Depending on which DR solution you have chosen, you will have to consider the maintenance of the following items and capture them in the DR Run Book:

  • Strategy definition maintenance ensuring the solution is always in line with your organisation’s needs
  • Backups maintenance
  • Tapes management
  • Recovery networks management
  • HA/DR software monitoring and management
  • Procedures updates
  • Staff training
  • Vendors management and communications
  • Testing procedures and schedule

The primary functions of the Run Book are:

It should describe your DR solution in detail, including the scope, objectives and delivery of the architected solutions. All assumptions and deliverable milestones need to be clearly outlined in the mission statement. Where applicable, the procedures and schedules specified in this Run Book will detail efficient operation of the DR processes and tools to maximise availability in your environment.

It should provide detailed procedures for executing the failover process of the architected solution. Dependencies, application and network interfaces and start-up processes should all be clearly outlined to ensure application integrity. This Run Book includes detailed operational, audit, failover, and troubleshooting procedures. These are customised to the specifications of your DR solution.

It should contain reference information to assist in invoking, testing and maintaining the solution. This includes the management, monitoring, licensing and backup of the architected DR solution.

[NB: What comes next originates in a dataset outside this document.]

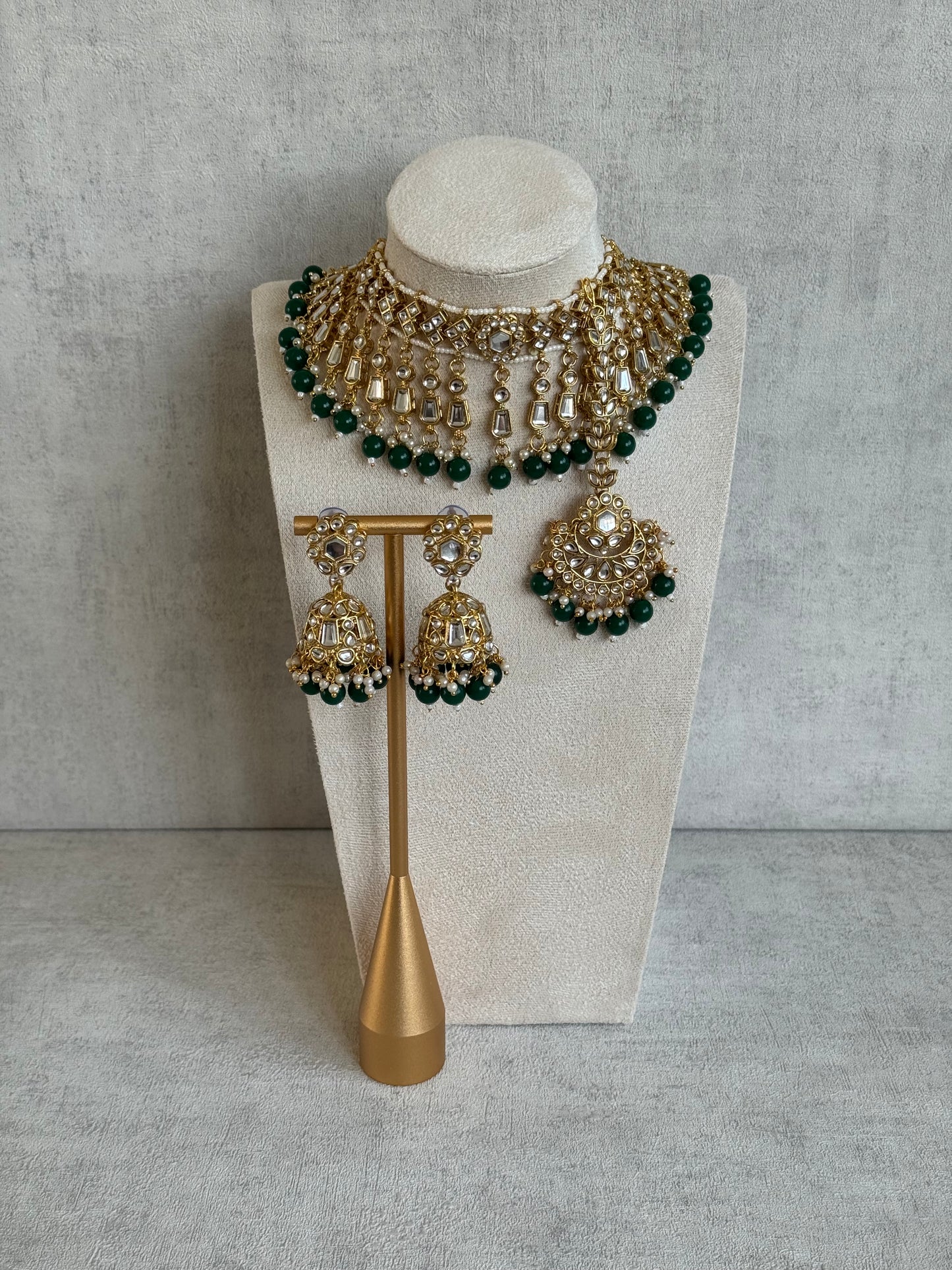 Ayura Designs Shaheen Set with Jhumkis & Tikka – Emerald Green Beads, Mirror Kundan & Gold Finish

It should provide a detailed list of people critical to the process and their contact information, vendors and their contact information, license codes, access details for the data centre, backup tape retrieval details and any other pertinent inventory type information.

Checklist for what should be included in an effective Run Book:

  • The DR Solution overview and configuration
  • Data centre systems and server infrastructure architecture details
  • Service level Agreements
  • Roles and responsibilities, contacts and authorisations
  • 3rd party vendor responsibilities
  • RTO (Recovery Time Objective) per application
  • RPO (Recovery Point Objective) per application
  • Application overview and start up sequence
  • Network topology and DR Configuration and start up procedures
  • DR Invocation / Failover procedures
  • Recovered system testing procedures
  • Any specific DR licensing requirements
  • Bringing the recovered services online
  • Return to Production recovery procedures